I’m always fascinated by the way in which books reach us when we need them to. It’s almost as if an invisible string tied them to us, to help us grow. Sometimes, we promptly catch those strings with both hands, while others, appear in our life as if placed by fate.
This is what happened with the Italian book Il passo del vento, Sillabario alpino (The wind’s step, Alpine Syllabary), written by authors Mauro Corona and Matteo Righetto. My mom is possibly one of the few people left who still takes her books from the library. Il passo del vento was one of her loans.
What you will read in this post:
Il Passo del Vento plot
According to the encyclopedia, the syllabary is the first book that a child receives to learn to read. It is so-called because it is based on the didactic assumption that it is necessary to start from the syllable to form the word.
This book, which is subtitled an alpine syllabary, aims to divide the experiences one can do at the mountains so that people can learn to read alpine nature.
Each letter of the alphabet evokes words, sounds, smells, memories, stories. From the A of Abete (fir) and ends with the Z of Zuppa (soup). Through these words, mountains unfold before and virgin eyes of those who have never experienced such emotions.
Those who hang out a lot in the mountains, find in the syllabary the same feelings that accompany every moment passed between the sky and the bare rock. Each poetic detail is a reference to personal experiences, memories, victories and defeats, moments of joy and fear. A book that encourages you to wander and rediscover yourself.
My thoughts on Il Passo del Vento
Italian author and alpinist Mauro Corona has been present in my library for a long time. I know his style and his words. Over time, my relationship with him has changed. I remember the first time I read his “Il volo della Martora” (The flight of the Marten). I was dazed, intrigued, and at the same time detached from that rustic and rural world he described. I looked at the mountains from afar, looking out from the balcony of my apartment in Udine, Friuli-Venezia Giulia. Over time, the boundary between ma and Mauro thinned, my thoughts first flanked his and then almost entirely matched.
It is the first time that I have had the pleasure of reading Matteo Righetto. I must admit, however, that it is with him that I found myself sharing most of the feelings.
His are the words of the syllabary that most often come to mind when I am in the mountains.
My favorite words of this Alpine syllabary
B like Bosco (woods) because the forest is the cure for all evil. A place of emotional intimacy and meditative recollection.
F for Fatigue. The antechamber of self-esteem and dignity.
L for Libro (Book). There are books that cannot be bought. To read them you have to conquer them with sweat and effort. They are the top books.
S for Shortcut. Shortcuts are impossible in the mountains. The mountain does not forgive cheating or deceit.
Z for Zuppa (Soup).
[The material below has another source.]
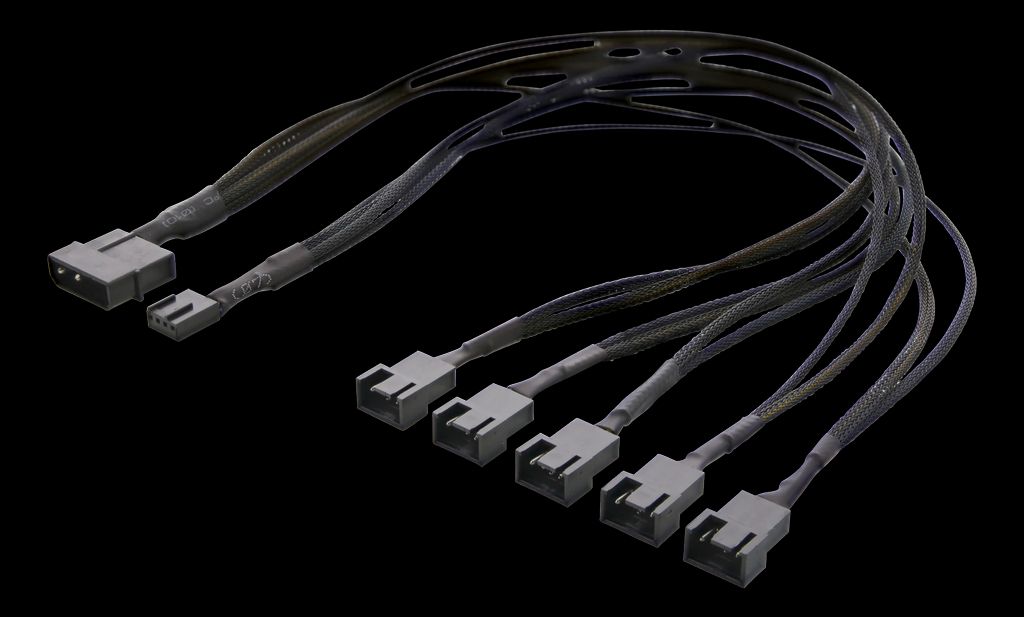 PWM-tuuletin splitter, 4-pin uros - 5x4-pin naaras, Molex, musta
A good speech should be like mountain soup. Be done with simple words. Be tasty. Only be served when necessary. Be offered to more than one person. Contain genuine ingredients. Revealing harmony between different flavors. To be homemade. To have the purpose of doing good. Fascinating. Show more colors. Knowing how to warm the heart. Restore strength. Enrich the spirit. Appease hunger. Reassure minds. To be in the right quantity: neither too much nor too little. Be authentic, without secrets.
Il passo del vento is a book to wander with the mind and heart towards the places and suggestions that bind the “mountain people” to these hostile and marvelous lands.
If you’re learning Italian and you love the mountains this book is perfect for you.